Though the most common cancer caused by smoking is lung cancer, smokers that have been exposed to asbestos in the past 10 to 50 years shouldn’t always assume that tobacco is the cause. Why? Smokers who have been exposed to asbestos in the past are at greater risk of developing lung cancer because asbestos dust and tobacco actually work together to multiply the danger. In fact, studies show that the combination of smoking and asbestos exposure poses a greater threat than smoking alone or asbestos exposure alone. It is estimated that the combination of the two toxins makes smokers 50 to 84 times more likely to develop asbestos-related lung cancer.

Symptoms of lung cancer include:

  • A persistent cough that gets worse over time
  • Blood in the sputum (fluid) coughed up from the lungs
  • Difficulty swallowing
  • Fatigue or anemia
  • Loss of appetite
  • Pain or tightening in the chest
  • Shortness of breath, wheezing, or hoarseness
  • Swelling of the neck or face
  • Weight loss

It is important to note that lung cancer causes many of the same symptoms as pleural mesothelioma. This is an aggressive cancer that affects the tissue that surrounds the lungs. Signs and symptoms of pleural mesothelioma include:

  • Chest pain under the rib cage
  • Painful coughing
  • Shortness of breath
  • Unexplained weight loss
  • Unusual lumps of tissue under the skin on your chest

Although studies are uncertain as to whether or not smoking increases the risk of developing mesothelioma, if a smoker has been exposed to asbestos, it’s never safe to assume that lung cancer is the only possible diagnosis. If you worked with asbestos in the past (smoker or not), see your doctor right away.
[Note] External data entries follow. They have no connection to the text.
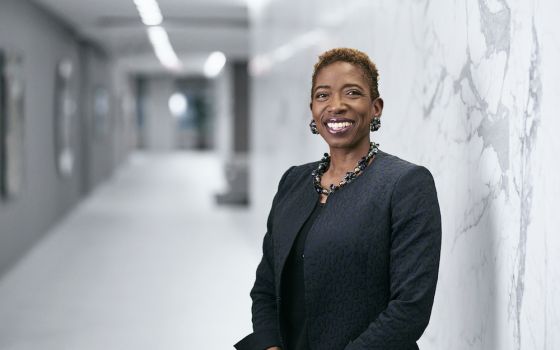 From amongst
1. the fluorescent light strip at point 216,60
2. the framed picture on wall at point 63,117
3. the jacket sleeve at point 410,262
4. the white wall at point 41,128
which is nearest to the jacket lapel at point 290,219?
the jacket sleeve at point 410,262

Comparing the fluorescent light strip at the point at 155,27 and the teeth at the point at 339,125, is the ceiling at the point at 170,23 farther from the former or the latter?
the teeth at the point at 339,125

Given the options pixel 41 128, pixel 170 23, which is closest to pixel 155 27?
pixel 170 23

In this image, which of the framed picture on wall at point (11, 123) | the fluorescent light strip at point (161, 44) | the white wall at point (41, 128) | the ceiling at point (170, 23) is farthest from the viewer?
the fluorescent light strip at point (161, 44)

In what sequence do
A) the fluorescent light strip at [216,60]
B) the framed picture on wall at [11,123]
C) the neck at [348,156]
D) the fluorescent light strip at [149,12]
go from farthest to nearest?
the fluorescent light strip at [216,60]
the fluorescent light strip at [149,12]
the framed picture on wall at [11,123]
the neck at [348,156]

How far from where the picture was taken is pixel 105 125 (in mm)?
18062

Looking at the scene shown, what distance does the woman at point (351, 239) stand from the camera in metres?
1.75

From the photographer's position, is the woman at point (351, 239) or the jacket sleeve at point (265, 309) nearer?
the woman at point (351, 239)

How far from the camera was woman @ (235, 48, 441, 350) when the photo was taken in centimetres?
175

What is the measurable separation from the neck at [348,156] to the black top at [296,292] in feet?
0.37

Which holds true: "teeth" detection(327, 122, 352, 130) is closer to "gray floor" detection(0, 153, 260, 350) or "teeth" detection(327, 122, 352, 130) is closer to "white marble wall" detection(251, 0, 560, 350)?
"white marble wall" detection(251, 0, 560, 350)

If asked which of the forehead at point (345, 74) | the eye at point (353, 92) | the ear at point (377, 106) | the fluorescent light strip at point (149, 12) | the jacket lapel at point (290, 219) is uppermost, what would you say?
the fluorescent light strip at point (149, 12)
It could be mesothelioma.

Sources

"Asbestos Exposure and Cancer Risk." National Cancer Institute (NCI). U.S. Department of Health and Human Services (HHS), National Institutes of Health (NIH), 2017. Web. 18 Apr. 2017.

"Diseases and Conditions: Mesothelioma." Mayo Clinic. Mayo Foundation for Medical Education and Research (MFMER), 1998-2017. Web. 18 Apr. 2017.
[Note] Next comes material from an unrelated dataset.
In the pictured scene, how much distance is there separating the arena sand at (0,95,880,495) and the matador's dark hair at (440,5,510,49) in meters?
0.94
"Harms of Cigarette Smoking and Health Benefits of Quitting." National Cancer Institute (NCI). U.S. Department of Health and Human Services (HHS), National Institutes of Health (NIH), 2017. Web. 18 Apr. 2017.

"Mesothelioma: Risk Factors." Cancer.Net. American Society of Clinical Oncology (ASCO), 03 Aug. 2016. Web. 18 Apr. 2017.

Reece, Alex. "Killer in Our Midst." PressReader.com. USA Today, 21 Feb. 2017. Web. 18 Apr. 2017.

"What Causes Non-Small Cell Lung Cancer?" American Cancer Society. American Cancer Society, Inc., 2017. Web. 18 Apr. 2017.